Results The ischaemic heart exhibited enhanced inflammasome activation as evidenced by increased NLRP3 and caspase-1 expression and increased IL-1β production. Cardiac NLRP3 was knocked down using either an intramyocardial siRNA injection or an intraperitoneal injection of BAY 11-7028, an inflammasome inhibitor. Knocking down cardiac NLRP3 attenuated macrophage and neutrophil infiltration and decreased MI/R injury, as measured by cardiomyocyte apoptosis and infarct size. In vitro experiments revealed that NLRP3 was expressed in cardiac microvascular endothelial cells (CMECs) but was hardly expressed in cardiomyocytes. Hypoxia/reoxygenation (H/R) stimulated NLRP3 inflammasome activation in CMECs but not in cardiomyocytes. Moreover, CMECs subjected to H/R injury increased both Txnip expression and interactions between Txnip and NLRP3, the latter of which has been shown to be a mechanism for activating NLRP3. Txnip siRNA diminished NLRP3 inflammasome activation and hypoxia/reoxygenation induced injury, as measured by LDH release and apoptosis in CMECs. ROS scavenger dissociated TXNIP from NLRP3 and inhibited the activation of NLRP3 inflammasome in the CMECs.

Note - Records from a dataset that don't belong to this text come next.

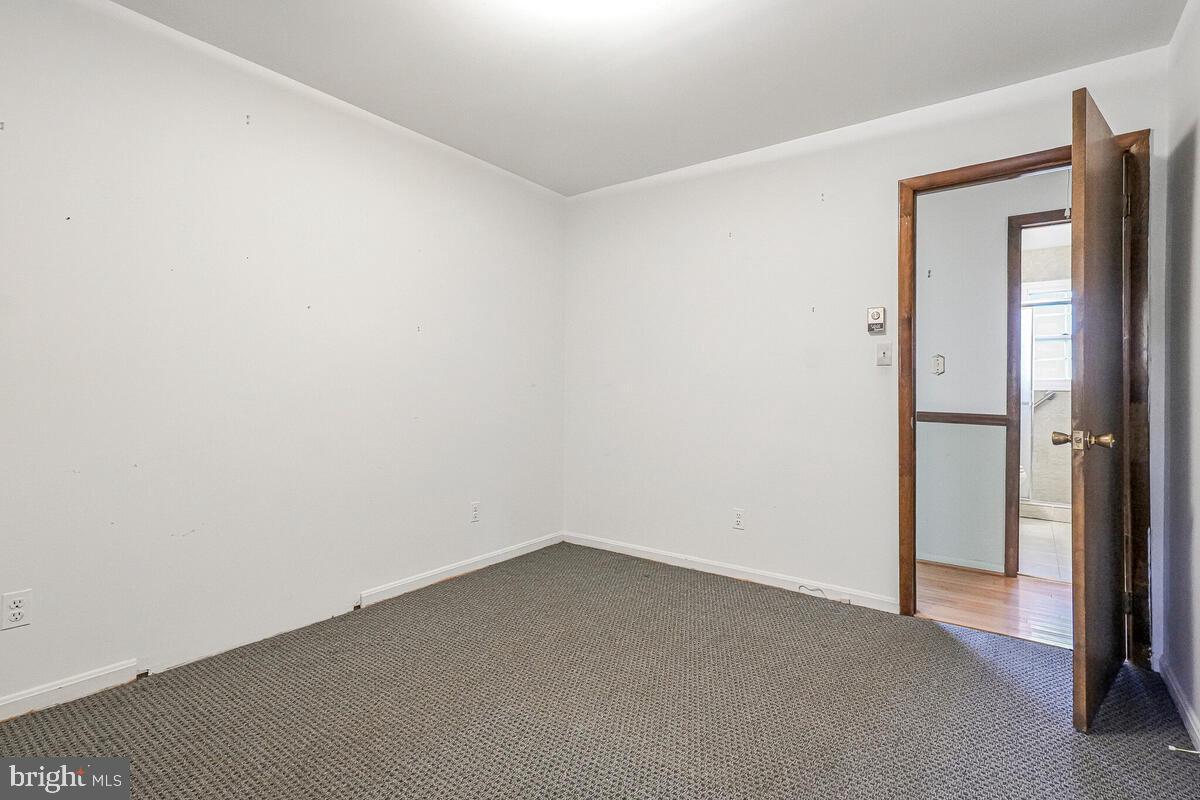 GOLDEN BEACH - Residential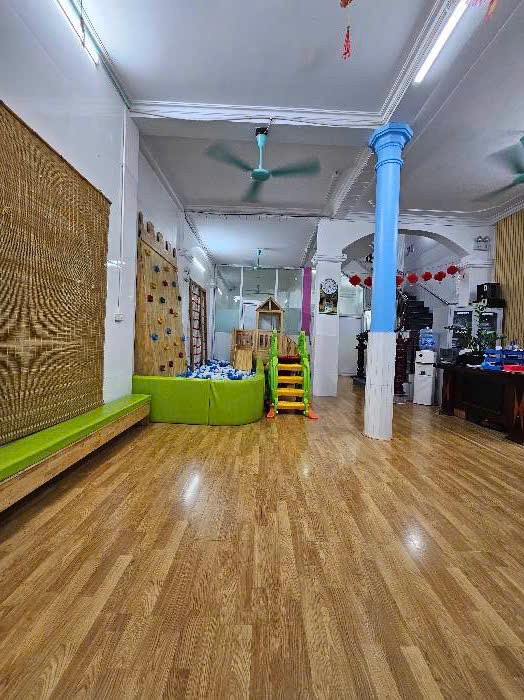 Bán nhà đẹp Ngô Gia Tự – 130m² – MT 6,5m – 5 tầng – Ngõ ô tô – Đang KD – Tương lai mặt phố. Giá: 3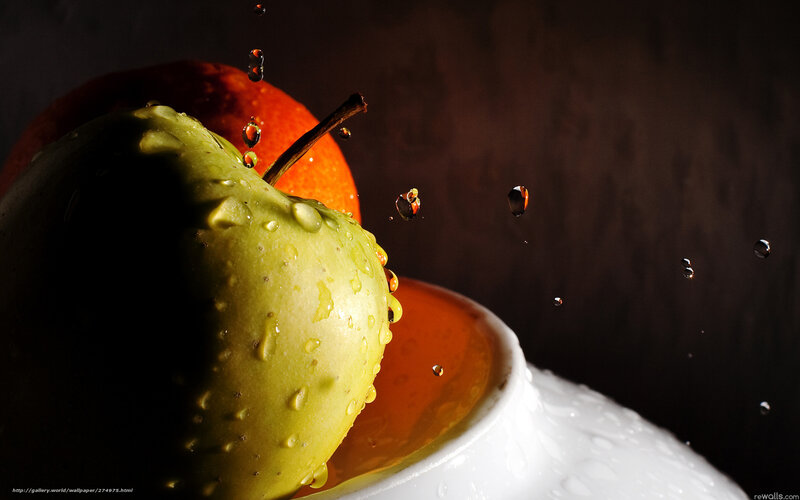 apple and orange with water droplets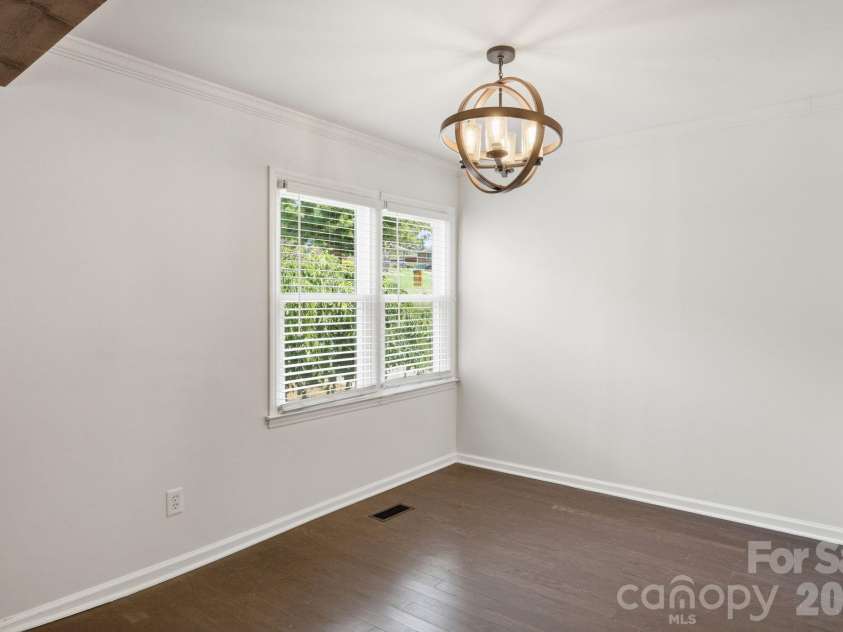 6727 Glenmoor Drive, Charlotte, NC 28214.  MLS# CAR4383760, YatesRealty ID 25943. 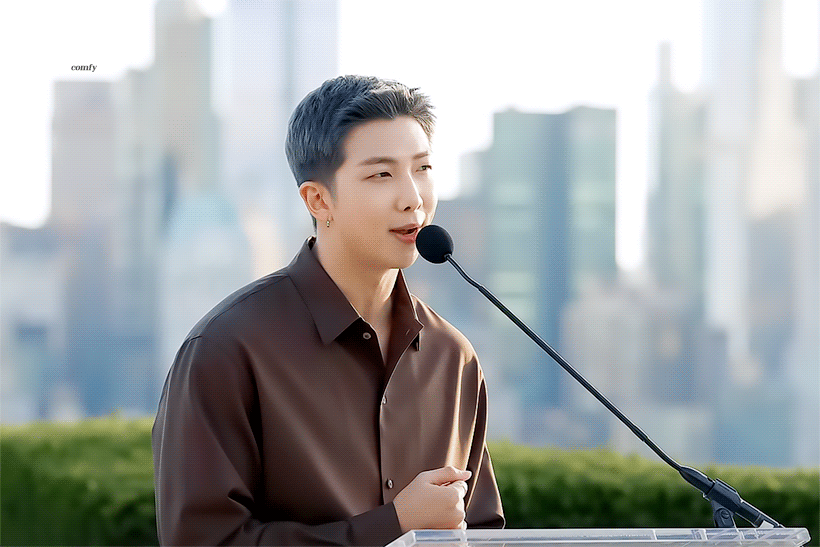 قائد Bts نامجون يبدو كسياسي شاب + تعليقات مستخدمي الأنترنت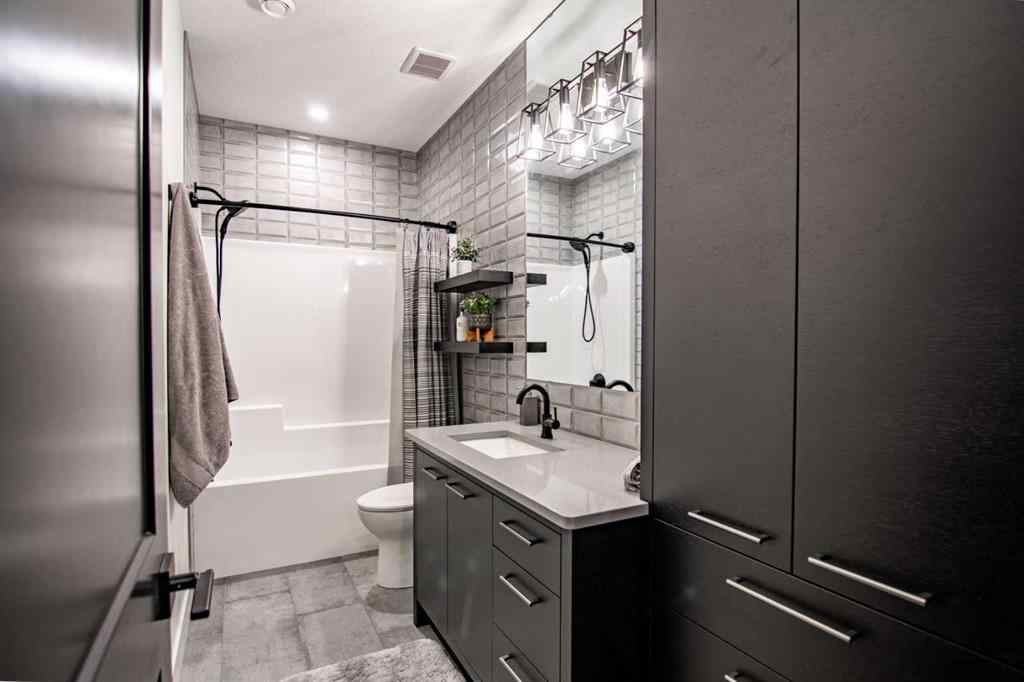 MLS® A2257255 - 3417 Lakeshore Drive  in Cottage Area Sylvan Lake, Residential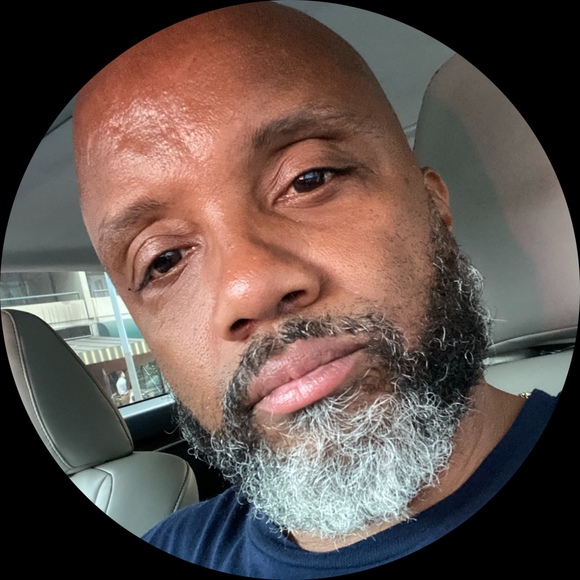 Profile Picture of Ernest Bailey (@ernieblanco213) on Poshmark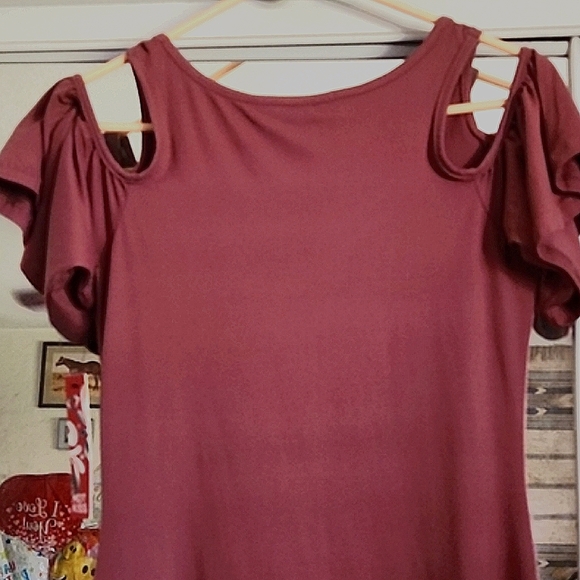 Off the shoulder, short medium-sized dress. Casual - Picture 6 of 7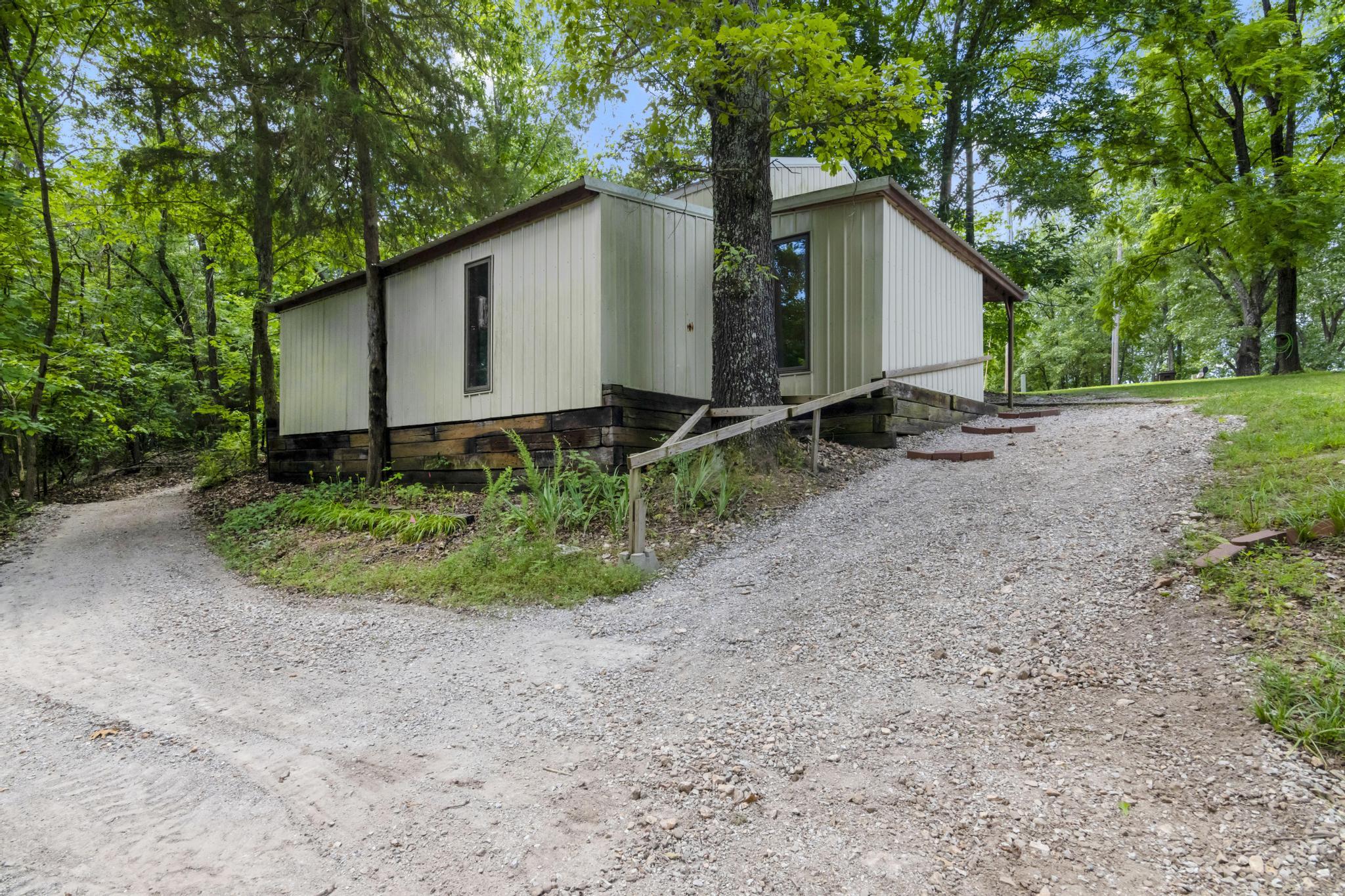 1228 Shire Circle Property Photo 5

Conclusions Several novel observations were found in this study. First, NLRP3 inflammasomes in myocardial resident cells played an essential role in the pathophysiology of MI/R injury. Second, NLRP3 inflammasomes activation occured in CMECs but not in cardiomyocytes, indicating that CMECs may mediate inflammation in response to I/R. Third, Txnip activated NLRP3 inflammasomes in MI/R injury in a ROS dependent fashion. Finally, blocking Txnip/NLRP3 signalling inhibited the activation of NLRP3 inflammasomes and may provide insight into novel therapies for mitigating MI/R injury.